Drug and Alcohol Content

The secret to Arielle and Dean’s “success” (if you can call it that) is their decision early on to hit marijuana dispensaries. Because of federal banking guidelines, they have difficulty getting legitimate banking accounts or credit cards, and so these institutions tend to have more cash on hand. Plus, as Dean says, the authorities “don’t [care] about a weed store getting ripped off.” We see the interiors of several dispensaries, including telltale marijuana leaf symbols.

But the couple doesn’t just rob marijuana joints; they smoke them, too. We see them both roll and puff on them, and some parties feature seemingly dozens of revelers partaking (sometimes from bongs or other devices). Both main characters smoke cigarettes. They drink copious amounts of beer or other forms of alcohol, and Dean is appalled when they hijack someone’s house and learn that the woman doesn’t drink. “Vodka?” Dean persists. “Every chick has vodka” stashed somewhere, he says.

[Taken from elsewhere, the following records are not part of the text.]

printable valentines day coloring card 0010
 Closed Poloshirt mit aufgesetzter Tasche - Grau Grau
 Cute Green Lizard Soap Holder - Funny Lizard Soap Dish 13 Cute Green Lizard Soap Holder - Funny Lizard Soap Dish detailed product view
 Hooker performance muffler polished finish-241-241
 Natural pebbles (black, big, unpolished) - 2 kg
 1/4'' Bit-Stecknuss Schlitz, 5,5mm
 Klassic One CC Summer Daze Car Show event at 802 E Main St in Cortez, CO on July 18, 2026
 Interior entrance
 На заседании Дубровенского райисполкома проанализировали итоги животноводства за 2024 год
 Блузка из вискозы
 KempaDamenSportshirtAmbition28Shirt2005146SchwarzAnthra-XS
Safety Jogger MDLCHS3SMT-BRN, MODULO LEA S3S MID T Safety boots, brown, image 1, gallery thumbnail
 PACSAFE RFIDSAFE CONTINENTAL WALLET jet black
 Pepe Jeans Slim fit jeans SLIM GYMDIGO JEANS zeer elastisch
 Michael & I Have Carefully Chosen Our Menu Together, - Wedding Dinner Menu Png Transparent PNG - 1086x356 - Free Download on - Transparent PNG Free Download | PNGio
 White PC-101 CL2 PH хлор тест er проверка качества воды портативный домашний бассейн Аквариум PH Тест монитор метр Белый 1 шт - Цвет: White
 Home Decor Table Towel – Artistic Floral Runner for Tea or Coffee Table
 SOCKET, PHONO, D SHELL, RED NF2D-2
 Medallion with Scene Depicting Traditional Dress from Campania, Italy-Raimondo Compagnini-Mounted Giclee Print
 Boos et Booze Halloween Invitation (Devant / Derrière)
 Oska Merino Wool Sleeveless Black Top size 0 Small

Arielle and Dean stay with an old jailhouse friend of Dean’s, who offers them beer, marijuana and cocaine. While Arielle rolls and smokes a joint, the friend (Kyle) snorts several lines of the latter.

Other Negative Elements

While you could read the movie as a fable or cautionary tale on culture’s obsession with likes and followers and fame, you could also potentially see Arielle and Dean’s antics not just excused, but celebrated.

[Spoiler Warning] Eventually, Arielle rakes up 5 million followers, and they wind up meeting one fan who’s especially drawn to the life of excitement that Arielle and Dean lead. When Dean (who barely tolerates Arielle’s obsession with fame) asks why the woman follows her, the fan explains that she feels trapped in her own life; following theirs gives her a sense of satisfaction. “You stopped taking it and started giving it,” she said. The movie emphasizes that kind of attraction at the very end, too. As Arielle is dragged away by authorities, the way is lined with hundreds of her delirious fans.

Conclusion

It seems only fitting that Infamous, a story about the bizarre but compulsive quest to find web-based fame no matter the cost, stars former Disney starlet Bella Thorne. Now 22, Thorne is far more internet famous these days than she is for her work on either the big or small screen: She boasts 23 million Instagram followers and claims to earn $65,000 from Instagram posts. That’s not $65,000 on Instagram, mind you: That’s $65,000 per post.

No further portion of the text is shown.